If he was avoiding her, what of it? Hadn't she practically ordered him to do so? She had no right to cry after what was lost, she told herself fiercely, taking a vast gulp of tepid tea. She was the one who had set the terms and now she had to abide by them.

Why couldn't Miles have argued with her when she told him they couldn't go back? If he really cared about her in any way at all, wouldn't he have gone after her? Protested? Done something?

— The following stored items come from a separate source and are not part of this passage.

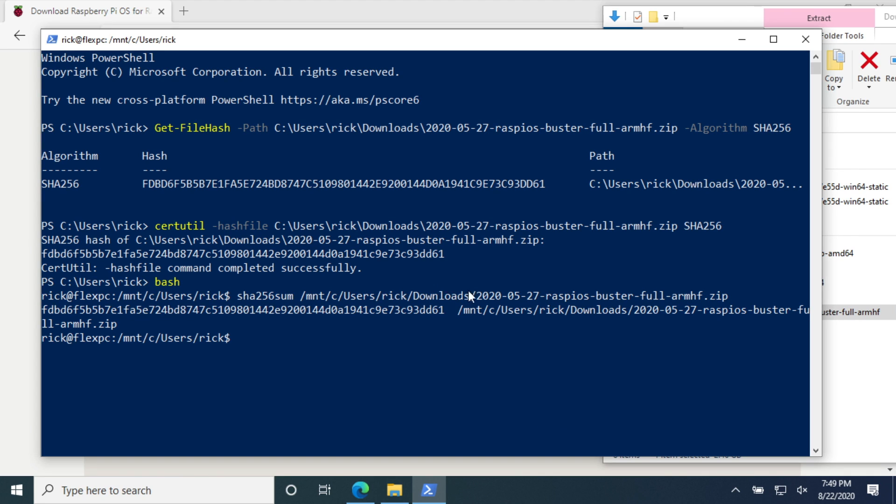That completed. You can see it's similar to one above. FDBD, DD61. So that's three different ways you can calculate a hash on Windows 10.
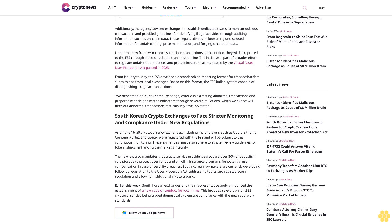Earlier this week, South Korean exchanges and their representative body announced the establishment of a new code of conduct for local firms. This includes re-evaluating 1,333 cryptocurrencies being traded domestically to ensure compliance with the new regulatory standards.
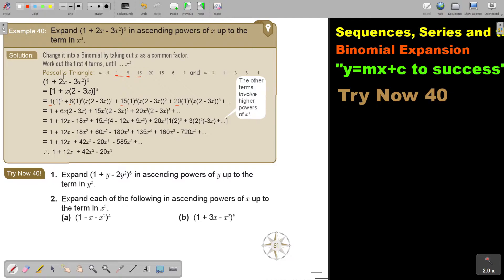So if I take the first term, it's to the power of 6, then 5, then 4, then 3. Then the second term — remember, this is now that whole term and that's to the power of 1. The first is to the power of 0, then 1, then 2, then 3. And now I basically just simplify.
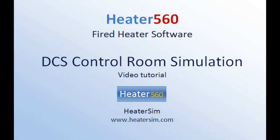Hello and welcome to this Heater 560 tutorial. In this video we look at how to use the DCS control room simulation mode which allows you to dynamically model different operation cases.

The door swung open, and one polished Hessian boot advanced across the threshold. Henrietta hastily yanked her gaze back to the tea tray, feigning great interest in the plate of biscuits. If Miles didn't want anything to do with her, she wouldn't want anything to do with him, either. So there. Muffled by the carpet, the boots strode towards her — Henrietta chomped off a regrettably large bite of biscuit — past her, and Stopped by Amy's chair. A hand boasting a gold signet ring on the pinky descended upon the back of Amy's chair. Mouth full of glutinous goo, Henrietta's head jerked up. It was her brother.

Not Miles.

Henrietta resolutely swallowed her mouthful of biscuit.

Amy tilted her head up at Richard. "Are the sentries all in place?" she hissed in a stage whisper.

Richard nodded. "If they aren't, someone will answer for it," he said grimly, just as the door swung open again.

Henrietta hastily angled her body towards Mrs. Cathcart, started to reach for the biscuit, and thought better of it. She wasn't making that mistake twice. As to other mistakes she had made…

Miles sauntered into the room, talking very loudly with the two Tholmondelay twins about something entirely incomprehensible that seemed to involve a great deal of sporting cant. The trio made straight for the fireplace, not so much as glancing in Henrietta's direction.

Placing her teacup in her saucer with a definitive clunk, Henrietta twisted in her seat to face her brother.

"What are we doing tonight?" she asked her brother loudly.

"Playing sitting duck for a French spy," replied Richard sourly.